I am trying to keep a rolling checksum to account for order, so take the previous 'checksum' and xor it with the current one and generate a new checksum.
Name Checksum Rolling Checksum
------ ----------- -----------------
foo 11829231 11829231
bar 27380135 checksum(27380135 ^ 11829231) = 93291803
baz 96326587 checksum(96326587 ^ 93291803) = 67361090
How would I accomplish something like this?
(Note that the calculations are completely made up and are for illustration only)

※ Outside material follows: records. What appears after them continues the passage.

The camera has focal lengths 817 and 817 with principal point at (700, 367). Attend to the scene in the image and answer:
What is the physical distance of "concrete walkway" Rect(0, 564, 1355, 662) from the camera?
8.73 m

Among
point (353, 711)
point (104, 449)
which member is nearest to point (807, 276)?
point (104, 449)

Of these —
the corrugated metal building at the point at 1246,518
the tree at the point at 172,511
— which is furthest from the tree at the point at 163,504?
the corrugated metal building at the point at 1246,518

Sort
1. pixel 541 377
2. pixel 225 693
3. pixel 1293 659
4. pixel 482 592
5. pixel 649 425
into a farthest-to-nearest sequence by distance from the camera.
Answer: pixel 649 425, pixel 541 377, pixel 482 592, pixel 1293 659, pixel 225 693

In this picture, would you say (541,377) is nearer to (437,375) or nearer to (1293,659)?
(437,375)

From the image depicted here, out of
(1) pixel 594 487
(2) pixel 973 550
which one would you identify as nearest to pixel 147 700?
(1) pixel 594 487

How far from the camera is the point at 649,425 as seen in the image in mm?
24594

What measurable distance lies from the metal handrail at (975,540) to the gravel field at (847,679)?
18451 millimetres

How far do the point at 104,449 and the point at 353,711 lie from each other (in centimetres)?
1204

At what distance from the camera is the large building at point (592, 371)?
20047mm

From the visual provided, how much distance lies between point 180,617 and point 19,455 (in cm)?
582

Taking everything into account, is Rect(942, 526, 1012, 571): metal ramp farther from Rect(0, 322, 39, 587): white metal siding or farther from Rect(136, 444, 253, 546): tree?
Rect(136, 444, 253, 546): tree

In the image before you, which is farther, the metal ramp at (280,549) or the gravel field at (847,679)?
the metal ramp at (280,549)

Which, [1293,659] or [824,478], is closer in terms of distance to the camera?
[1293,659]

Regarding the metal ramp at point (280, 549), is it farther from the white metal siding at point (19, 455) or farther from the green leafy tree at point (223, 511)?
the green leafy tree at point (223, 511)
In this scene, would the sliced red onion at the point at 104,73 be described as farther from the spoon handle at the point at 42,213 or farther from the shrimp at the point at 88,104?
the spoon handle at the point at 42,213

This is basically the running total problem.
Edit:
My original claim was that is one of the few places where a cursor based solution actually performs best. The problem with the triangular self join solution is that it will repeatedly end up recalculating the same cumulative checksum as a subcalculation for the next step so is not very scalable as the work required grows exponentially with the number of rows.

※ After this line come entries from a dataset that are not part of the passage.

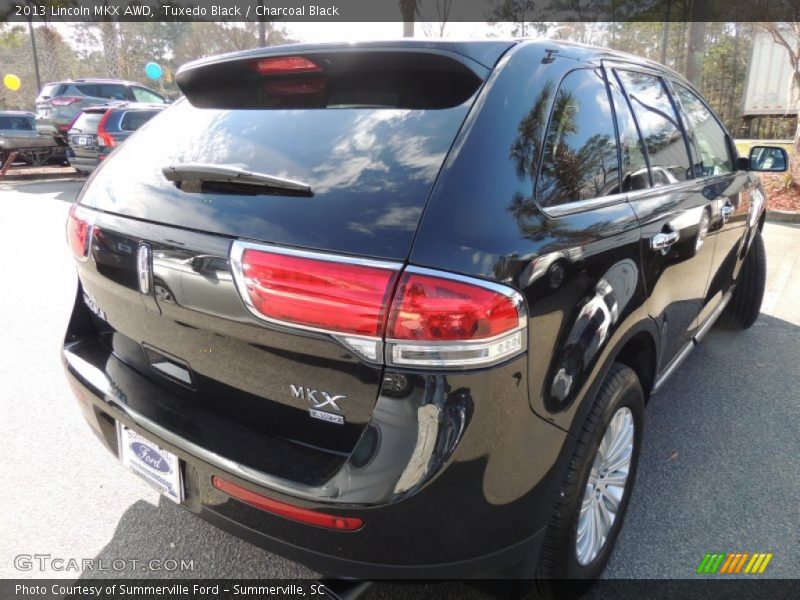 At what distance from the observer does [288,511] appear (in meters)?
1.48

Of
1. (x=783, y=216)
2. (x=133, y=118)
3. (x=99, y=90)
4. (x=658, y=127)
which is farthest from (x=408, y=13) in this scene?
(x=658, y=127)

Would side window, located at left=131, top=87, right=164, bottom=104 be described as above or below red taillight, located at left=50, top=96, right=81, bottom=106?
above

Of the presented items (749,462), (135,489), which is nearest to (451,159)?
(135,489)

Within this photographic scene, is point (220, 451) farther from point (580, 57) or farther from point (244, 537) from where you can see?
point (580, 57)

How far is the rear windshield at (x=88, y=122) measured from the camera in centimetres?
1145

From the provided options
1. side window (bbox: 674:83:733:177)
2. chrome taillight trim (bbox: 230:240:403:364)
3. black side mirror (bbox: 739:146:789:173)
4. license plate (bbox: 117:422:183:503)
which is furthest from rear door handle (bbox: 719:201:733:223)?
license plate (bbox: 117:422:183:503)

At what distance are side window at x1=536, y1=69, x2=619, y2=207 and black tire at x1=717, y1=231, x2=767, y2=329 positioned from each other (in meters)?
2.65

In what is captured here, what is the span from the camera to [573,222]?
5.44 ft

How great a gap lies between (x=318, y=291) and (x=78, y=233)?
3.72 ft

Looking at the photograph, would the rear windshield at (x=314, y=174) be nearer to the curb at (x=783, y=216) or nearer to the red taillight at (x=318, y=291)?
the red taillight at (x=318, y=291)

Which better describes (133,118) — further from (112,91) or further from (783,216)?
(783,216)

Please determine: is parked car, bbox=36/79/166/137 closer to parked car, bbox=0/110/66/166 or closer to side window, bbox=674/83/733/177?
parked car, bbox=0/110/66/166

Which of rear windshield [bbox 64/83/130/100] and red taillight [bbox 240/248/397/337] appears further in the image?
rear windshield [bbox 64/83/130/100]

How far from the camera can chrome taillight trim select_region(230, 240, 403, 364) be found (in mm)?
1346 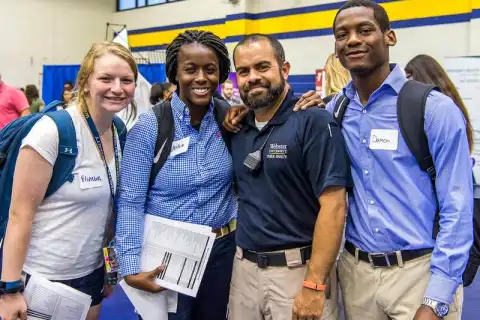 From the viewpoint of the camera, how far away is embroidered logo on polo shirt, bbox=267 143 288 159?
1.85m

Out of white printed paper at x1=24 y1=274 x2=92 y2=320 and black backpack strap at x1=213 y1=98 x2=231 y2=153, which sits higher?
black backpack strap at x1=213 y1=98 x2=231 y2=153

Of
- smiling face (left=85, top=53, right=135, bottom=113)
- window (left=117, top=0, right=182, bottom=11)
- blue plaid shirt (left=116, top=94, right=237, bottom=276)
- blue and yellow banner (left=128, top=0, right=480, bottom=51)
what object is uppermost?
window (left=117, top=0, right=182, bottom=11)

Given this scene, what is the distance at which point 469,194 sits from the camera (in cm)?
164

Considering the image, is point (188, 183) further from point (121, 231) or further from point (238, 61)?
point (238, 61)

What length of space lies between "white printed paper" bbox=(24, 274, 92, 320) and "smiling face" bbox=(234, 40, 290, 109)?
104 cm

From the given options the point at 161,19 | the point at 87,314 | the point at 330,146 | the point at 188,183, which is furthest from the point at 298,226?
the point at 161,19

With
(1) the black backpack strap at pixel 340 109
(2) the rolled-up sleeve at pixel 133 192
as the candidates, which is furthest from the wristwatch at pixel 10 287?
(1) the black backpack strap at pixel 340 109

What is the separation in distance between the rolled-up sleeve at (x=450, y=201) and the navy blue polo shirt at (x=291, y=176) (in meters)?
0.32

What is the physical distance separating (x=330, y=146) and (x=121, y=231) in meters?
0.89

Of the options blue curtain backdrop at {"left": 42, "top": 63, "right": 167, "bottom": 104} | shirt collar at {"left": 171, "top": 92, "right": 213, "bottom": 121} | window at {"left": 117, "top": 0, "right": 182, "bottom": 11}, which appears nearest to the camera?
shirt collar at {"left": 171, "top": 92, "right": 213, "bottom": 121}

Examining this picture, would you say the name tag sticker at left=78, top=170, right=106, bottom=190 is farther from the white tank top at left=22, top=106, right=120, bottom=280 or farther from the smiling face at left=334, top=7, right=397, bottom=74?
the smiling face at left=334, top=7, right=397, bottom=74

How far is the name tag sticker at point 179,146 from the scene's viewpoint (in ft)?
6.68

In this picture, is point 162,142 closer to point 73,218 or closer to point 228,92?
point 73,218

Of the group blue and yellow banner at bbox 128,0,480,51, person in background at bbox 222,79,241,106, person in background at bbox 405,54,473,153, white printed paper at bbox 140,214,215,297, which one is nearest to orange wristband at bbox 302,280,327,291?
A: white printed paper at bbox 140,214,215,297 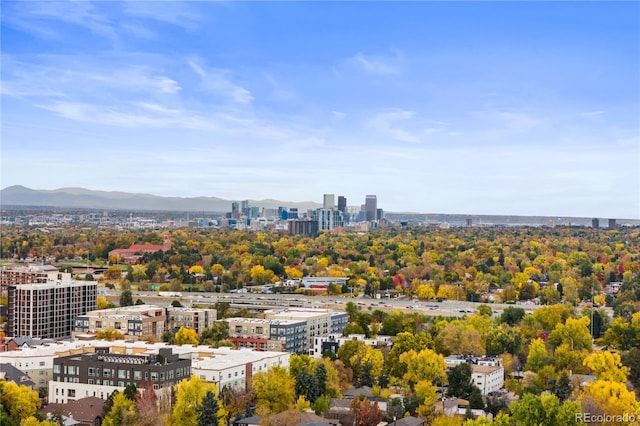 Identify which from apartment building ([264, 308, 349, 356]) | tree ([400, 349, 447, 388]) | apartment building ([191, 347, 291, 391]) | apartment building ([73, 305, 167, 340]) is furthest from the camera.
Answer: apartment building ([264, 308, 349, 356])

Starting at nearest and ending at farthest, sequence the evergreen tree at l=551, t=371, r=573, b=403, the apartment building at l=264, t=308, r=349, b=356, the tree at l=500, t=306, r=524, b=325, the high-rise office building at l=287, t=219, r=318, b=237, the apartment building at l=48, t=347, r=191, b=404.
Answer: the apartment building at l=48, t=347, r=191, b=404
the evergreen tree at l=551, t=371, r=573, b=403
the apartment building at l=264, t=308, r=349, b=356
the tree at l=500, t=306, r=524, b=325
the high-rise office building at l=287, t=219, r=318, b=237

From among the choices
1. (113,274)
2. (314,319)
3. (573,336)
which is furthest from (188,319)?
(113,274)

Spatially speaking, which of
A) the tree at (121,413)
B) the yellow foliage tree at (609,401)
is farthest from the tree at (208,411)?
the yellow foliage tree at (609,401)

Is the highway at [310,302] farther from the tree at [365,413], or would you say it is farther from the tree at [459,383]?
the tree at [365,413]

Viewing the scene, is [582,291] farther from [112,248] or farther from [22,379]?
[112,248]

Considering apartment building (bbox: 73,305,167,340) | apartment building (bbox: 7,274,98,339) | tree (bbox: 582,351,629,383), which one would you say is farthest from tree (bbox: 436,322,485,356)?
apartment building (bbox: 7,274,98,339)

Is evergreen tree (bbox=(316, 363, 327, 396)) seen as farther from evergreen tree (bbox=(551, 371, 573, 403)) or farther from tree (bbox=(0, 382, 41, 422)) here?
tree (bbox=(0, 382, 41, 422))

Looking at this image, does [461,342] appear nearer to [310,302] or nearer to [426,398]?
[426,398] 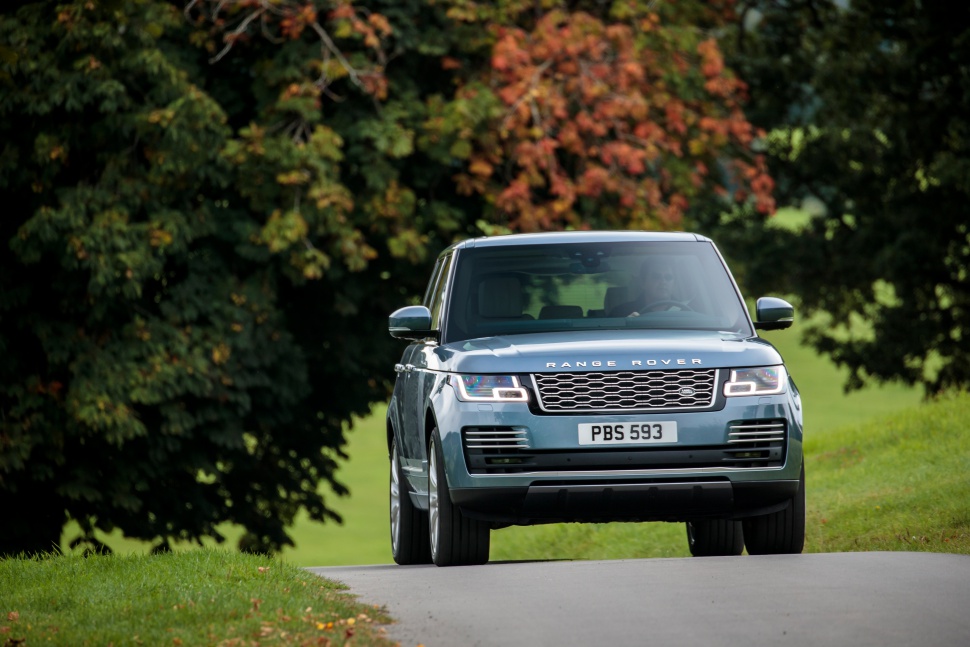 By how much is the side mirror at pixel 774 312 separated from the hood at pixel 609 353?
599mm

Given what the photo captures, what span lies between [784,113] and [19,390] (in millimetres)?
16920

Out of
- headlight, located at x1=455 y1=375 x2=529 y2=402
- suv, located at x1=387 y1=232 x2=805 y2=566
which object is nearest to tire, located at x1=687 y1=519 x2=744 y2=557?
suv, located at x1=387 y1=232 x2=805 y2=566

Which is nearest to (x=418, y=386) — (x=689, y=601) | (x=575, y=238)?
(x=575, y=238)

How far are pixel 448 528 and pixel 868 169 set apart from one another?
2228 centimetres

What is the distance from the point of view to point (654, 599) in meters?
8.71

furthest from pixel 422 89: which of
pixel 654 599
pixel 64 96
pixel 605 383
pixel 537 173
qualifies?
pixel 654 599

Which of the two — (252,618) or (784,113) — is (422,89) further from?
(252,618)

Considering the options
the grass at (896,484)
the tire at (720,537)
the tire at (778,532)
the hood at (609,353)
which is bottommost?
the grass at (896,484)

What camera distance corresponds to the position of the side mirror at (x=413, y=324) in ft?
37.1

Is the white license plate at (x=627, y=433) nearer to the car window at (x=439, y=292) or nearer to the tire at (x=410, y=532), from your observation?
the car window at (x=439, y=292)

Corina's answer uses the "quirky update" approach. I've adjusted it to do the check sum and in my test found that it took 3 seconds rather than 26 seconds for the cursor solution. Both produced the same results. Unfortunately however it relies on an undocumented aspect of Update behaviour. I would definitely read the discussion here before deciding whether to rely on this in production code.

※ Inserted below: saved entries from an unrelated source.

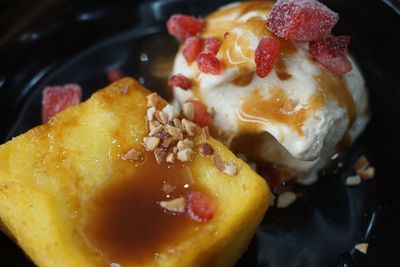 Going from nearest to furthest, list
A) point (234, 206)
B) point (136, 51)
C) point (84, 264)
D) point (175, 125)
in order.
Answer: point (84, 264)
point (234, 206)
point (175, 125)
point (136, 51)

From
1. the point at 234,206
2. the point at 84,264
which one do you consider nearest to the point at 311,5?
the point at 234,206

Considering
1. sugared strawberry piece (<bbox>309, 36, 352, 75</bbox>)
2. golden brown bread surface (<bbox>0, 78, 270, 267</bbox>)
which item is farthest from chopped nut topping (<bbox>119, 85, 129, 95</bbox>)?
sugared strawberry piece (<bbox>309, 36, 352, 75</bbox>)

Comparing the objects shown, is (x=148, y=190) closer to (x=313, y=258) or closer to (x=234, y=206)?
(x=234, y=206)

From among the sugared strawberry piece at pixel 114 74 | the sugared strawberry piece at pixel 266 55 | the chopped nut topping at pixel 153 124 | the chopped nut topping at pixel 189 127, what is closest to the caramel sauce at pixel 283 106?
the sugared strawberry piece at pixel 266 55

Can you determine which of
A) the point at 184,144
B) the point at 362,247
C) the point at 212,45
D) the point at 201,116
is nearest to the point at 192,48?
the point at 212,45

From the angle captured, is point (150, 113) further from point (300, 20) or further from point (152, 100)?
point (300, 20)

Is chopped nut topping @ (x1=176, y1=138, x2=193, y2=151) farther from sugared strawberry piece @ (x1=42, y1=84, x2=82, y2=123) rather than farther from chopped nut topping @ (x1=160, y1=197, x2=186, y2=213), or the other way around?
sugared strawberry piece @ (x1=42, y1=84, x2=82, y2=123)

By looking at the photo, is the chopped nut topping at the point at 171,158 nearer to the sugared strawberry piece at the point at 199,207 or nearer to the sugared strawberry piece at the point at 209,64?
the sugared strawberry piece at the point at 199,207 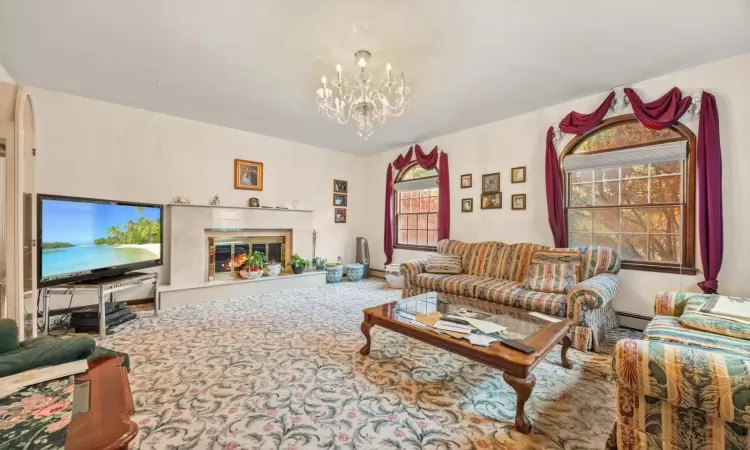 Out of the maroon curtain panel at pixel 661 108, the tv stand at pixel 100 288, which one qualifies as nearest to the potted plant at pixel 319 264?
the tv stand at pixel 100 288

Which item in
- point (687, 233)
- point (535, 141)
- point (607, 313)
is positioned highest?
point (535, 141)

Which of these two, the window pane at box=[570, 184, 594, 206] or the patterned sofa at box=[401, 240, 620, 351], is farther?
the window pane at box=[570, 184, 594, 206]

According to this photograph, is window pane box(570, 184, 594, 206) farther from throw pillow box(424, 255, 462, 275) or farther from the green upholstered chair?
the green upholstered chair

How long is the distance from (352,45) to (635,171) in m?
3.27

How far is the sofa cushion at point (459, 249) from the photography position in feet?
13.2

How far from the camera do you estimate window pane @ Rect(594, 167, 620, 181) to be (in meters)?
3.36

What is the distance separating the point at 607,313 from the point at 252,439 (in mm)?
3266

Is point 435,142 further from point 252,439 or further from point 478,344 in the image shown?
point 252,439

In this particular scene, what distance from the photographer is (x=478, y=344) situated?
1774 millimetres

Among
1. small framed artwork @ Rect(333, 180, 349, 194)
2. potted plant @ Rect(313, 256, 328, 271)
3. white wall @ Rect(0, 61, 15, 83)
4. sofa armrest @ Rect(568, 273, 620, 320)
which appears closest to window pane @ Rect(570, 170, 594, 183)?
sofa armrest @ Rect(568, 273, 620, 320)

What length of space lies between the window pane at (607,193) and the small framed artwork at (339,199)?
4158 millimetres

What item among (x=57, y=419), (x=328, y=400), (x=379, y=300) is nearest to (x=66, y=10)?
(x=57, y=419)

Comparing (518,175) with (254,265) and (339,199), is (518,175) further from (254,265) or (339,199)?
(254,265)

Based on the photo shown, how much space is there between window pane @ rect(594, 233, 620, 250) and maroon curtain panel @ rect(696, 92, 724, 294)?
69cm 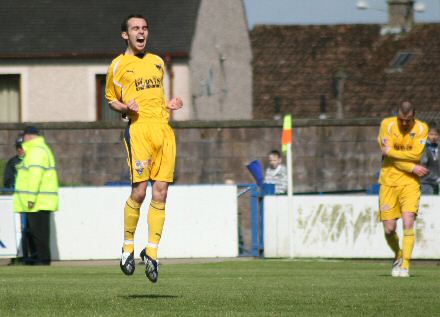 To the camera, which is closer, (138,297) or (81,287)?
(138,297)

There is a third possibility described here (using the CLR) which I didn't have time to test. But from the discussion here it seems to be a good possibility for calculating running total type things at display time but out performed by the cursor when the result of the calculation must be saved back.
CREATE TABLE TestTable
(
PK int identity(1,1) primary key clustered,
[Name] varchar(50),
[CheckSum] AS CHECKSUM([Name]),
RollingCheckSum1 int NULL,
RollingCheckSum2 int NULL
)
/*Insert some random records (753,571 on my machine)*/
INSERT INTO TestTable ([Name])
SELECT newid() FROM sys.objects s1, sys.objects s2, sys.objects s3
Approach One: Based on the Jeff Moden Article
DECLARE #RCS int
UPDATE TestTable
SET #RCS = RollingCheckSum1 =
CASE WHEN #RCS IS NULL THEN
[CheckSum]
ELSE
CHECKSUM([CheckSum] ^ #RCS)
END
FROM TestTable WITH (TABLOCKX)
OPTION (MAXDOP 1)
Approach Two - Using the same cursor options as Hugo Kornelis advocates in the discussion for that article.
SET NOCOUNT ON
BEGIN TRAN
DECLARE #RCS2 INT
DECLARE #PK INT, #CheckSum INT
DECLARE curRollingCheckSum CURSOR LOCAL STATIC READ_ONLY
FOR
SELECT PK, [CheckSum]
FROM TestTable
ORDER BY PK
OPEN curRollingCheckSum
FETCH NEXT FROM curRollingCheckSum
INTO #PK, #CheckSum
WHILE ##FETCH_STATUS = 0
BEGIN
SET #RCS2 = CASE WHEN #RCS2 IS NULL THEN #CheckSum ELSE CHECKSUM(#CheckSum ^ #RCS2) END
UPDATE dbo.TestTable
SET RollingCheckSum2 = #RCS2
WHERE #PK = PK
FETCH NEXT FROM curRollingCheckSum
INTO #PK, #CheckSum
END
COMMIT
Test they are the same
SELECT * FROM TestTable
WHERE RollingCheckSum1<> RollingCheckSum2
I'm not sure about a rolling checksum, but for a rolling sum for instance, you can do this using the UPDATE command:
declare #a table (name varchar(2), value int, rollingvalue int)
insert into #a
select 'a', 1, 0 union all select 'b', 2, 0 union all select 'c', 3, 0
select * from #a
declare #sum int
set #sum = 0
update #a
set #sum = rollingvalue = value + #sum
select * from #a
Select Name, Checksum
, (Select T1.Checksum_Agg(Checksum)
From Table As T1
Where T1.Name < T.Name) As RollingChecksum
From Table As T
Order By T.Name
To do a rolling anything, you need some semblance of an order to the rows. That can be by name, an integer key, a date or whatever. In my example, I used name (even though the order in your sample data isn't alphabetical). In addition, I'm using the Checksum_Agg function in SQL.
In addition, you would ideally have a unique value on which you compare the inner and outer query. E.g., Where T1.PK < T.PK for an integer key or even string key would work well. In my solution if Name had a unique constraint, it would also work well enough.